LMX 2300 HCS coupe 1969
2019 Classic Days Schloss Dyck - Aldenhoven (D)
LMX was a short-lived sportscar manufacturer from Milan, Italy, named after founders Michel Liprandi and Giovanni Mandelli. It was closely related to Carrozzeria Eurostyle from Turin, who manufactured the glass fiber reinforced plastic body designed by Franco Scaglione. The 2300 HCS was the only model made by this manufacturer, mostly as a hatchback coupe but also an open top spider was shown. It was based on a backbone chassis and powered by 2.3 liter V6 engine from Ford Germany, which could be souped-up by a Constatin supercharger or, later, by a turbo charger which provided almost double the original, modest, amount of horsepower.

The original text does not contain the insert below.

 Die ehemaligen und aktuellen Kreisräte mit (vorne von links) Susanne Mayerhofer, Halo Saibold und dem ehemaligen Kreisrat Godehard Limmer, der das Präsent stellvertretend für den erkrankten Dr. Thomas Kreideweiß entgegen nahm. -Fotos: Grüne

A prototype first appeared in 1968 at the Turin Motorshow, the same year the new Corvette C3 was introduced, with which it shared some styling elements. From some angles the 2300 HCS almost appears like a scaled-down Corvette. Production began in 1969 and continued up to 1973 when, after around 40 cars had been produced, the project was bought by SAMAS, an Italian manufacturer best known up to then for an all-terrain vehicle named Yeti. The project was renamed into Sirex LMS and another 20 cars were made, often turbo charged, until the end came in 1974.
On this photo you see one of the most remarkable features of this design: a huge glass pane in the rear hatch. Very unusual for a plastic body and if you look closely (especially around the latch) you can see why. The steel hinges were glued to the body with an at the time novel Loctite product.